= Task directions =
Using the data below, work out how many lines contain the word "image", then state that number without comment.

= Records to use =
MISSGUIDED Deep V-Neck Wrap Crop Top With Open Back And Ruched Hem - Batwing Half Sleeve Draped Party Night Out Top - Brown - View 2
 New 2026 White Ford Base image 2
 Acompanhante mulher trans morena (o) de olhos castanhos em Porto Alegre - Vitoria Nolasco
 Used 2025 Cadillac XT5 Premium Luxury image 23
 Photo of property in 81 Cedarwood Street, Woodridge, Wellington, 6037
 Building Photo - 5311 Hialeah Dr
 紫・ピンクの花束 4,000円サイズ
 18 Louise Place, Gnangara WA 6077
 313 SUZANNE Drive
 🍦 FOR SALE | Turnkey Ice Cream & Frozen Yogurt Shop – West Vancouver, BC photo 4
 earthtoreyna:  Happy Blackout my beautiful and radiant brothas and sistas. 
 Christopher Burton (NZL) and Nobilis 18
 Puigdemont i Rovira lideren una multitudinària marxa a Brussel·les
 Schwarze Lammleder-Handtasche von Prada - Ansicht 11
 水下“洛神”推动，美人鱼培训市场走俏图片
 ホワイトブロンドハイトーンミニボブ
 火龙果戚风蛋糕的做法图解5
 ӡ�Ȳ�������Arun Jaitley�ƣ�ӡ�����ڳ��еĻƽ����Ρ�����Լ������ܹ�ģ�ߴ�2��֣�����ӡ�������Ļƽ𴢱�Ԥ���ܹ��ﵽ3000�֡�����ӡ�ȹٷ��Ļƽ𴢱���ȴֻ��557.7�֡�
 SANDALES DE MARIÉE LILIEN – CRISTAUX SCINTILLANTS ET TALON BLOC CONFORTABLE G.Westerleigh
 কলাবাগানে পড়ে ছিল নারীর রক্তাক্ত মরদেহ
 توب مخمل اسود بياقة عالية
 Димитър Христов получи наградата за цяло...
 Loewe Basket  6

= Answer section =
2